Nemmeno due mesi dopo l'uscita del nuovo lavoro degli
Hellwell (che vede in formazione "
lo Squalo"
Shelton e
Randy Fox, ex drummer dei Manilla) ecco che il quasi sessantenne
Mark torna a farsi sentire con i suoi
Manilla Road dando un seguito al magniloquente "The Blessed Curse" (disco del 2015) e confermando la seconda giovinezza di questa band che, dal 2001 in poi, è tornata a sfornare dischi con regolarità.
Eh, i
Manilla Road, band tanto ignorata quanto preziosa. Non riesco davvero a capacitarmi di come possa passare inosservato un gruppo che ha contribuito ad inventare un genere (l'epic metal, per i kryptoniani) e perseverato nel portare in giro la loro musica pura per oltre quarant'anni. Tutti gli dobbiamo qualcosa. Lacrime a parte, il nuovo "
To Kill a King" prosegue sulla scia del suo predecessore senza prestarsi a chissà quali rivoluzioni (e meno male!) portando in dote un lotto di canzoni che più classiche non si può, dalla durata abbastanza elevata (siamo quasi sempre oltre i cinque minuti) e dal feeling difficilmente riscontrabile in altre band. Sí perché anche grazie ad una produzione naturale, rotonda, sporca il giusto, si riescono a sentire distintamente tutti gli strumenti e l'armonia che da essa deriva. C'è una coesione esemplare tra il cantato di
Patrick (ormai ci sarete abituati, spero), la bellissima batteria di
Neuderth, il basso pulsante sul fondo di
Phil Ross e la magica chitarra dei
Shelton.
Lo Squalo si prende anche il microfono in alcuni casi, tipo nella stupenda
The Arena, e subito scatta il fomento per uno dei pezzi più potenti del lotto, degna di apparire nella tracklist di un "
Open The Gates" o di un "
Mystification" con la sua potenza trascinante. Per lo più abbiamo a che fare con brani molto atmosferici, che legano testo e musica, che spesso partono in punta di piedi, quasi rarefatti, con una voce sussurrata, chitarre arpeggiate, poi piano piano prendono forma, mettendo muscoli dove servono ma rimanendo sempre fascinose e malinconiche il giusto.
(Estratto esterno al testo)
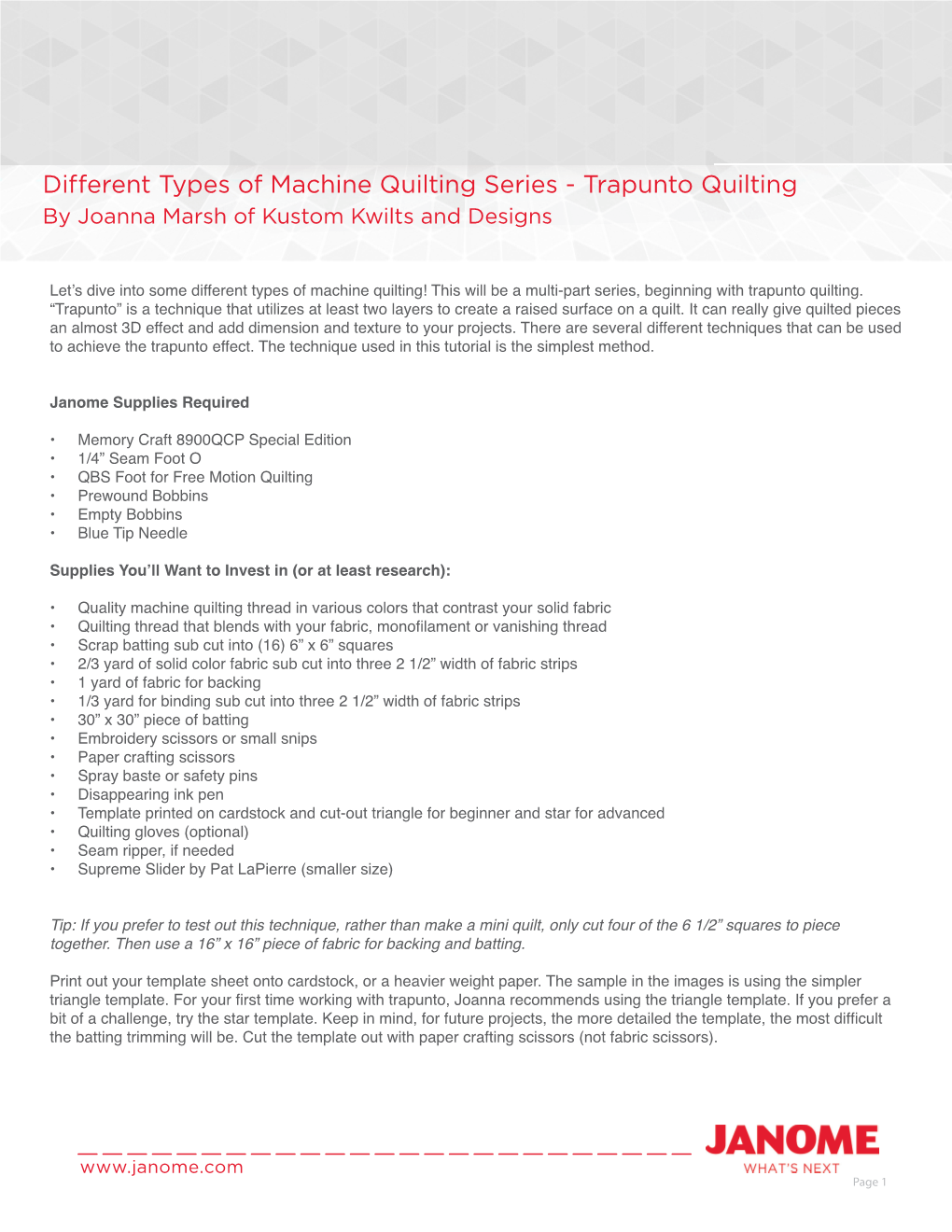 Different Types of Machine Quilting Series - Trapunto Quilting by Joanna Marsh of Kustom Kwilts and Designs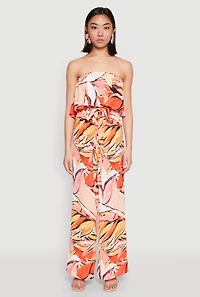 Womens Printed Strapless Jumpsuit, Orange, Size S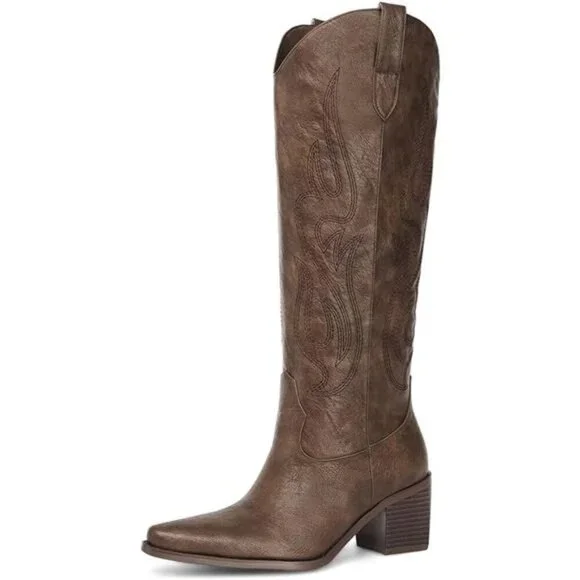 NEW  Western Cowboy Boots for Women - Knee High Wide Calf Cowgirl Boots - Picture 7 of 7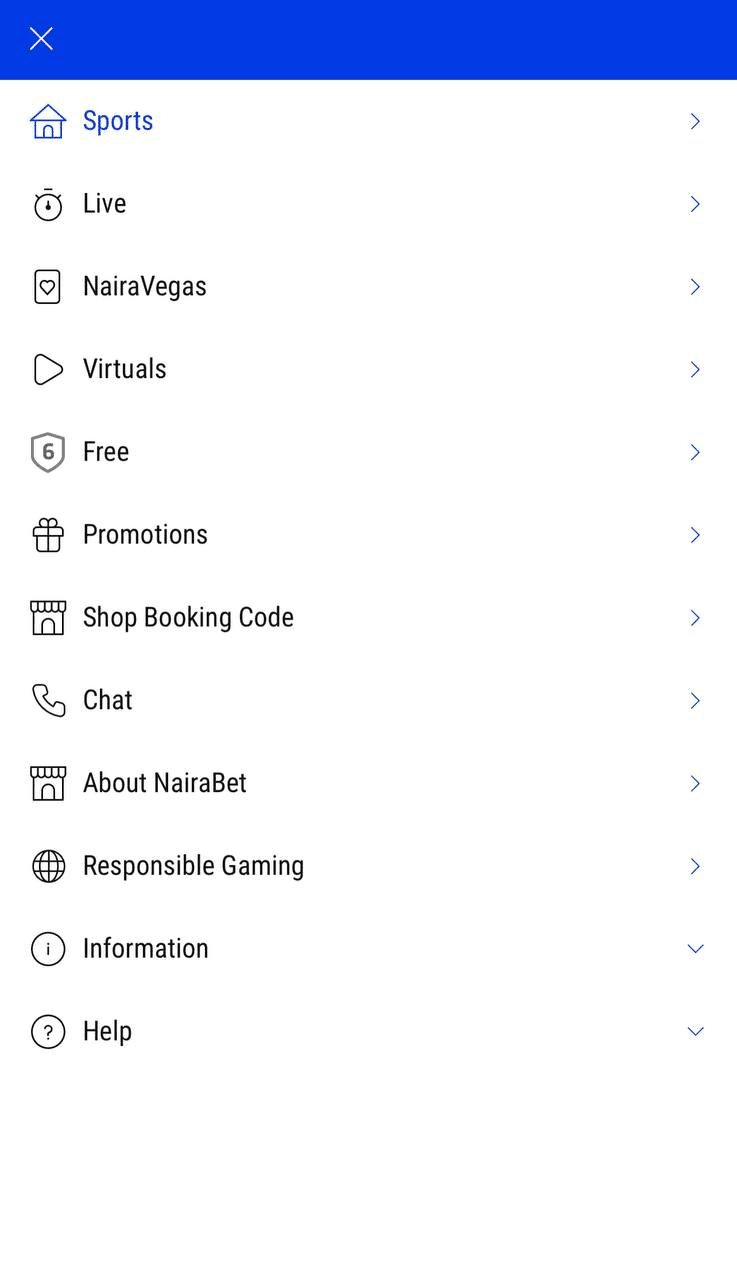 Mobile version menu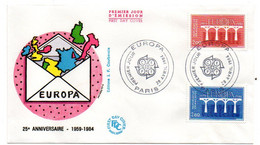 1984 --FDC  -- EUROPA  -- 25ème ANNIVERSAIRE  (2 Valeurs) - Cachet  PARIS  - 75 - 1980-1989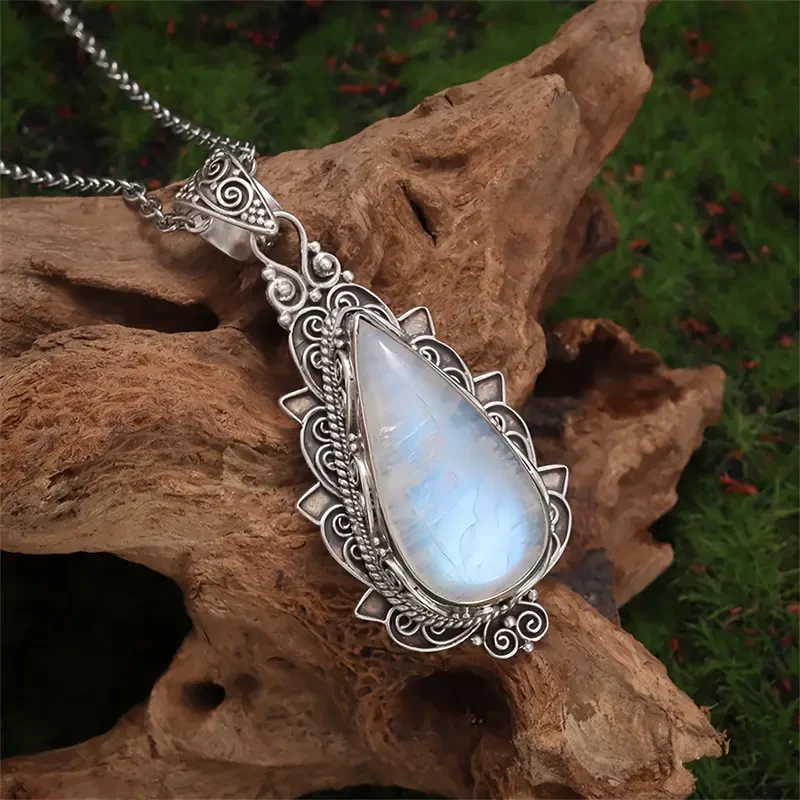 Moonstone Vintage Drop Necklace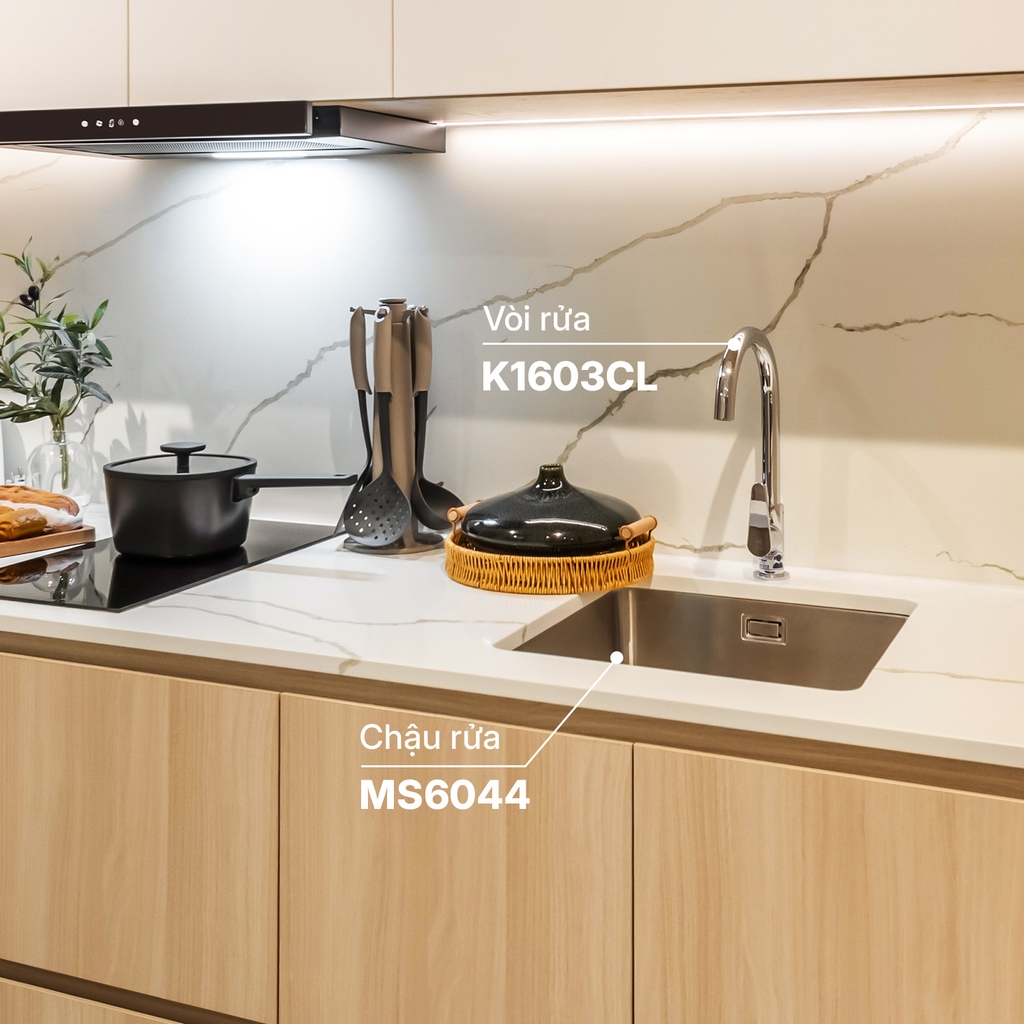 Chậu rửa MS6044 và vòi rửa K160CL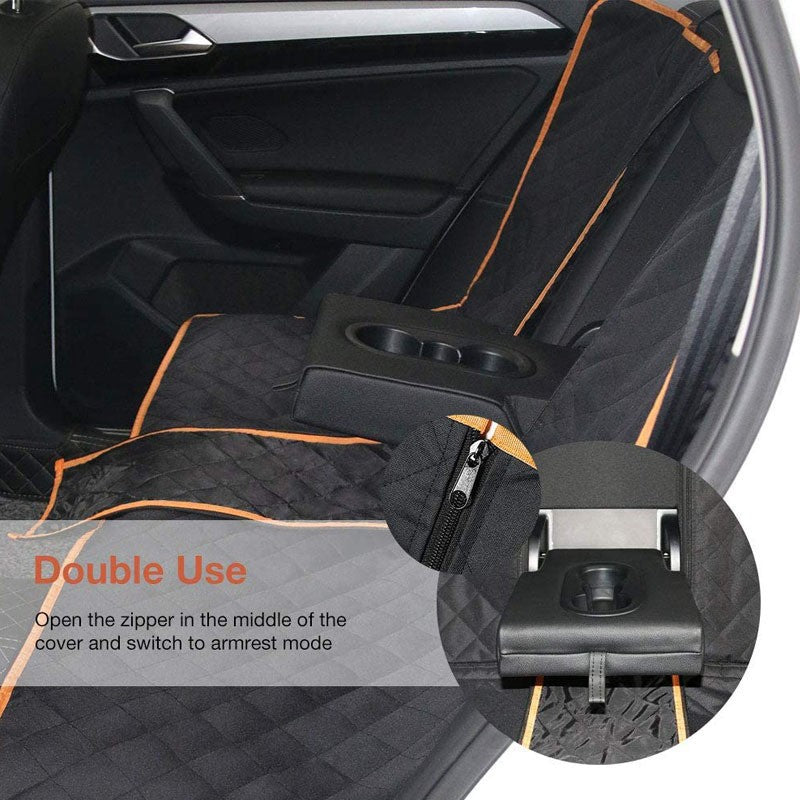 black quilted car seat cover with orange piping, integrated cup holder, zipper detail for armrest mode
Tra gli esempi migliori di questo modo di comporre abbiamo sicuramente
In The Wake e
The Other Side, brani che se non vi emozionano... boh, vi meritate le Butcher Babies. In generale "
To Kill a King" è un disco vintage, vero, che gracchia e con gli schiocchi del vinile (sì, anche negli mp3), più "tranquillo" ed atmosferico del suo predecessore, che si presenta quasi come una lunga jam session. Pochi i momenti aggressivi in cui parte la doppia cassa e le valvole si saturano, tanti i momenti emozionanti in cui le canzoni ti toccano. Ecco, a volte gli assoli stridenti e le linee di chitarra vengono tirate un pochino per le lunghe, oltre il dovuto, ma ci sta che questa "gentaglia" si esprima come più gli aggrada, senza guardare in faccia a nessuno. Dopo quarant'anni se lo possono permettere. Avrete notato che ho parlato del disco senza entrare troppo nel dettaglio, senza fare un track by track, sottolineando solo alcune cose (pregi e difetti) ed evitando di paragonarlo alla produzione precedente, questo perché ritengo che non abbia nessun senso confrontare "
To Kill A King" con "
The Deluge" o con "
Voyager" ad esempio (mamma che disco...). I
Manilla Road non hanno MAI fatto un brutto disco (ok, qualcuno non gli è riuscito benissimo come "
The Circus Maximus" o "
Atlantis Rising"), il loro suono è sporco, semplice, epico e potente. Prendere o lasciare. Se lasciate, peggio per voi.